AHÍ está, como para no verla, arañando los cielos que perdimos, altiva y prepotente, la que ahora llaman Torre Sevilla, bien dispuesta la novelería de guardia para su inauguración con abundante trompetería. Con sus ciento ochenta metros, sus treinta y ocho plantas, su hotel sin licencia, su restaurante panorámico, sus oficinas neoyorquinas de quinientos metros, sus ascensores infalibles (más le valen…), su centro comercial, su anunciado caos de tráfico, hasta su deseado Caixa Fórum. Sólo le falta el estrambote del neón con la estrella en lo alto, por si no nos habíamos enterado de quién manda aquí.

Hela ahí, la torre más alta que no la más bonita, como una intrusa en la memoria sentimental de la ciudad. No se sabe que es peor. Si verla a lo lejos desde el paseo de Las Delicias, hosco cilindro negro sobre fondo azul que afea el puente de Isabel II, en contraste con la calidez del caserío blanco de Triana que se refleja en las aguas del río. O encontrársela de noche cuando caminamos con prisa de vuelta a casa por la calle San Eloy, semiescondida detrás de la hermosa cubierta del convento de la Merced, como un gigante que de repente nos asusta con su mirada de hierro.
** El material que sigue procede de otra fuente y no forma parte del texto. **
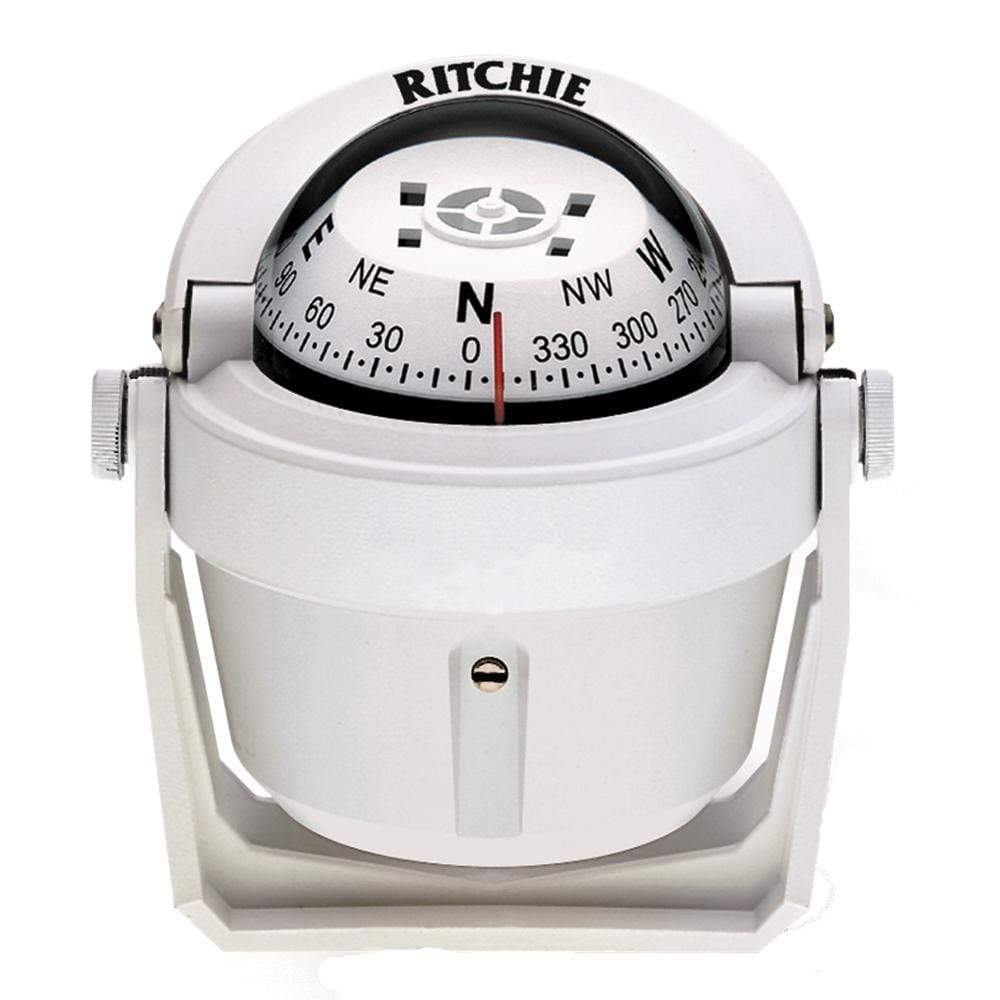 Ritchie Compass Qualifies for Free Shipping Ritchie Explorer White #B-51W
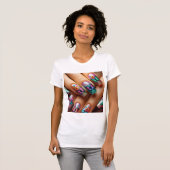 Dames T-shirt (Voorkant volledig)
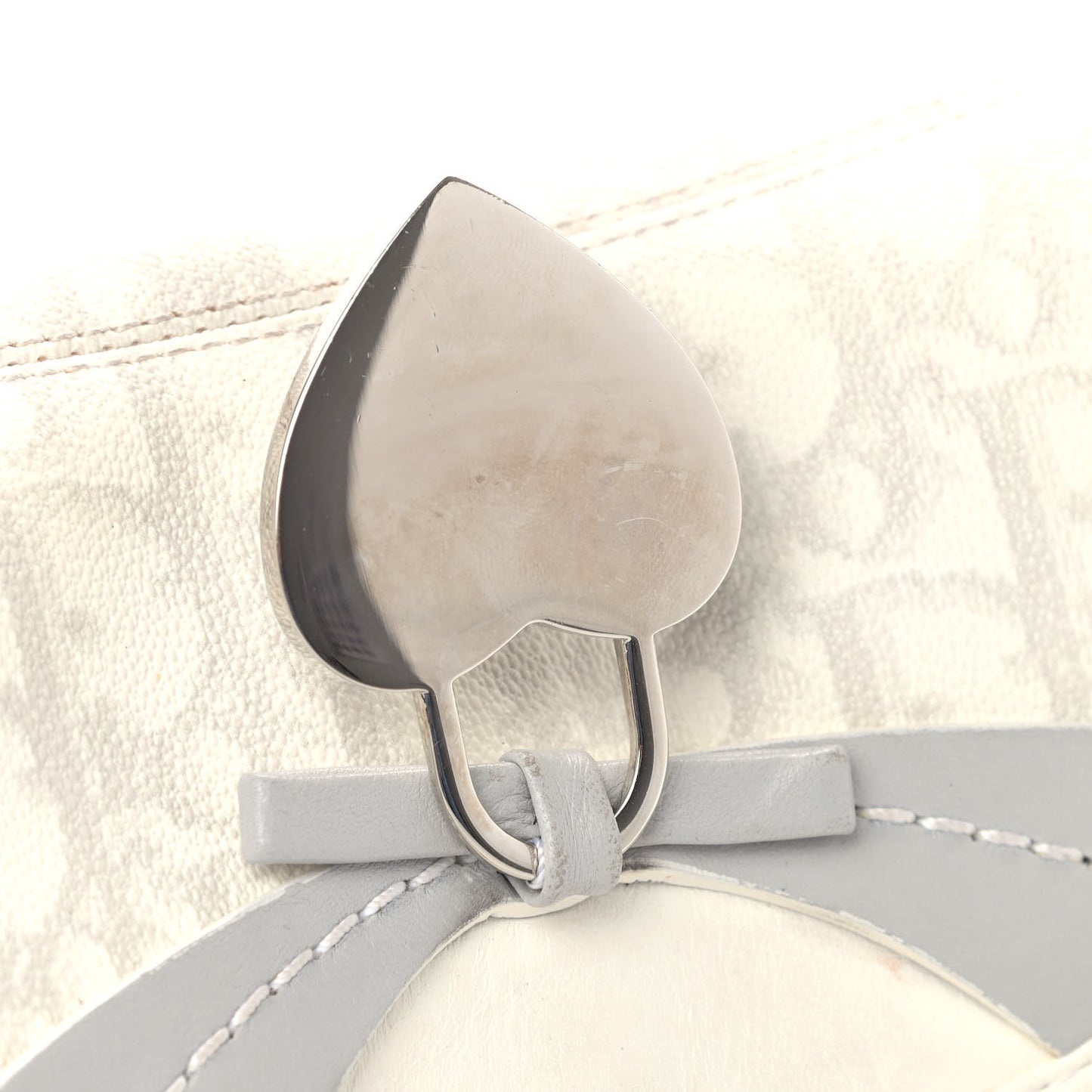 Monogram Romantique Trotter Bag Grey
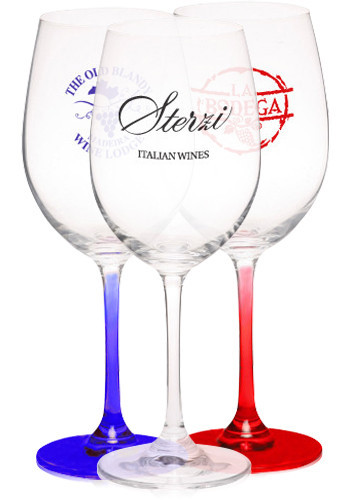 19 oz. Lead Free Wine Glasses
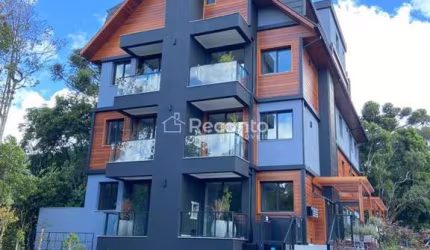APARTAMENTO NO CENTRO DE CANELA COM 2 DORMITÓRIOS, Centro, Canela - RS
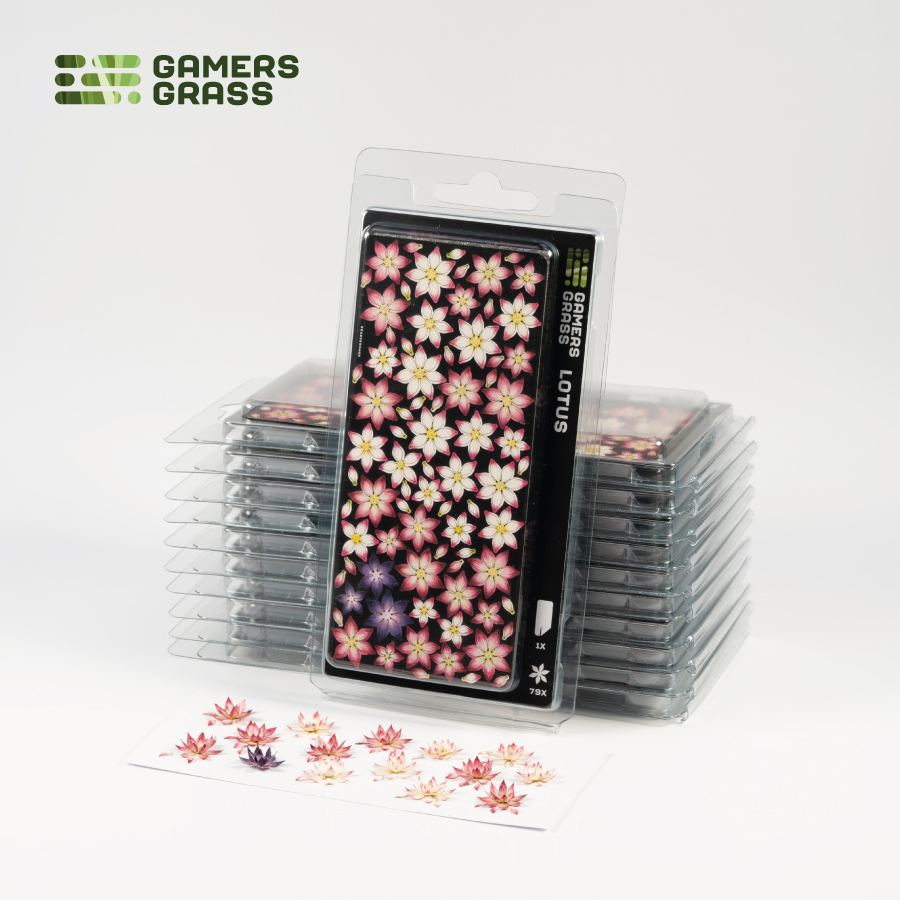 Laser Plants - Lotus Flower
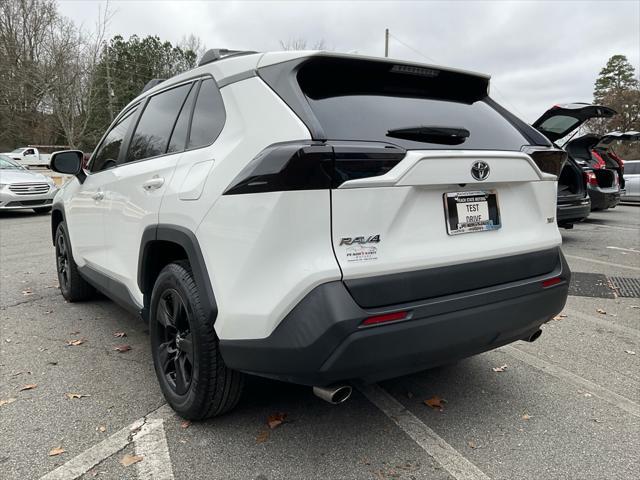 used 2019 Toyota RAV4 car, priced at $19,985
Mírenla, y no pregunten demasiado, si no quieren enfadarse, en quién confiamos la protección de nuestro paisaje urbano, dónde quedaron los supuestos reproches de la Unesco que nos hicieron concebir tantas esperanzas, cómo nadie ha podido pararla si tan pocos al parecer la querían, qué intereses están de verdad detrás de estas obras faraónicas, si otra ciudad hubiera permitido este disparate patrocinado por una caja de ahorros. Entre el desahogo de unos, la pusilanimidad de otros y la desidia de los más, ahí la tenemos tan campante, buscando quien la quiera, como una madrastra antipática de nuestro cacareado hábitat urbano.
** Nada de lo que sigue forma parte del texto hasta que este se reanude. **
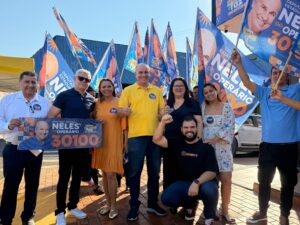 Neles do Operário inicia campanha na Feira da Vila Operária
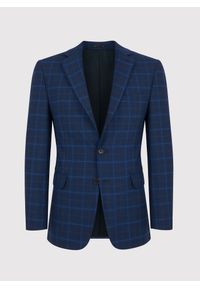 Pako Lorente - PAKO LORENTE – Kraciasta marynarka garniturowa z wełną. Materiał: wełna #5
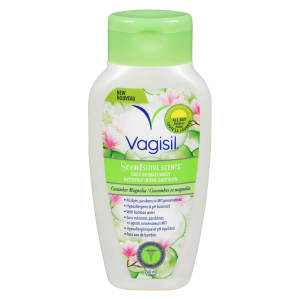 Vagisil Scentsitive Scents Daily Intimate Wash Cucumber Magnolia 240 ml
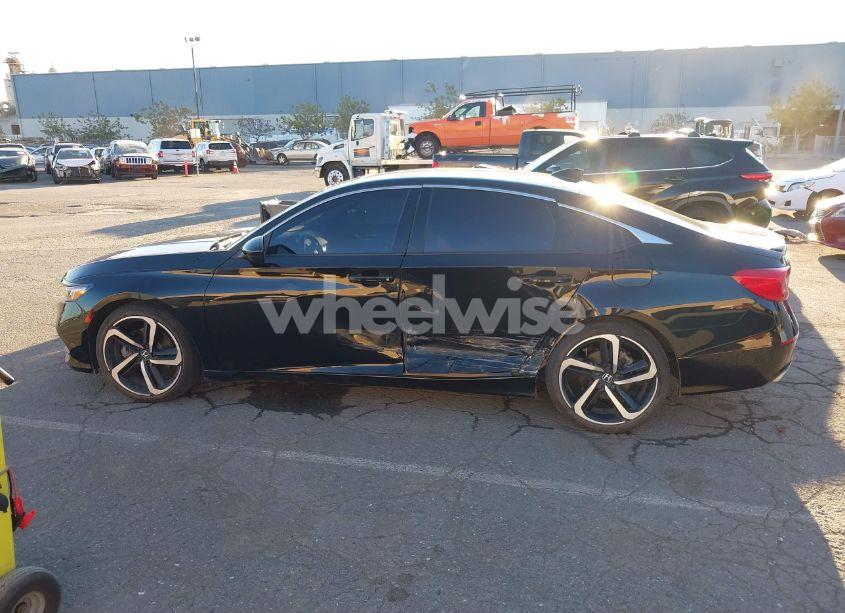 Photo 14 of 2019 Honda Accord SPORT 2.0T (VIN 1HGCV2F30KA011039)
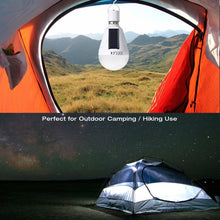 将图片加载到图库查看器，Solar Powered 7W 12W 85V-265V Led Bulb E27 LED Solar Lamp Waterproof Outdoor Emergency Bulb travel Fishing Camping Hiking Light
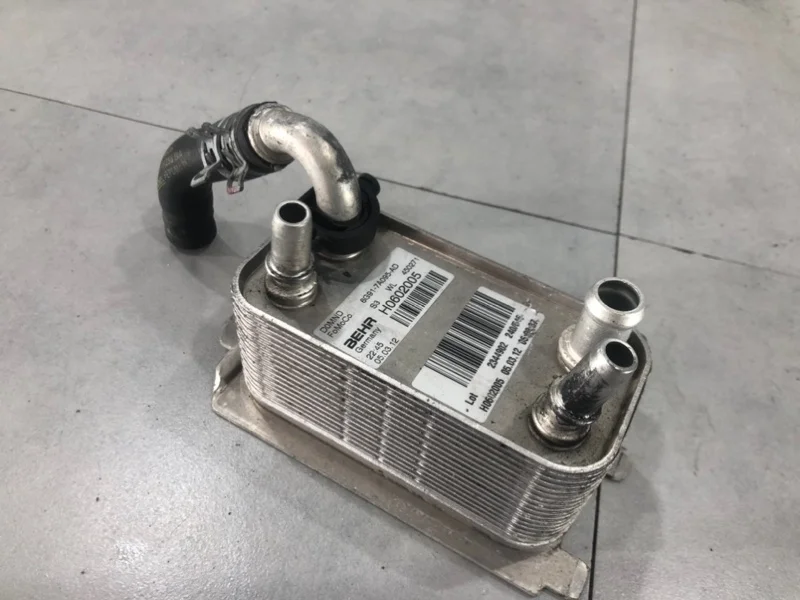 Радиатор (маслоохладитель) АКПП Volvo S60 2011 6G917A095AD FS B4164T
Dirán, lo sé, que su construcción y desarrollo ha generado un montón de empleos directos e indirectos, que la ciudad necesita un cambio de mentalidad, que no se puede mirar siempre al pasado, y que las sociedades modernas exigen proyectos vanguardistas e innovadores. Todo esto está muy bien, y yo también levanto la mano, pero ni eso justifica este exceso innecesario. Hasta ahora sabíamos de nuestras debilidades románticas y narcisistas, de nuestro gusto excesivo por lo tradicional, mas nunca podíamos imaginar, sufridos ciudadanos sin mundo, que la modernidad fuera precisamente esto.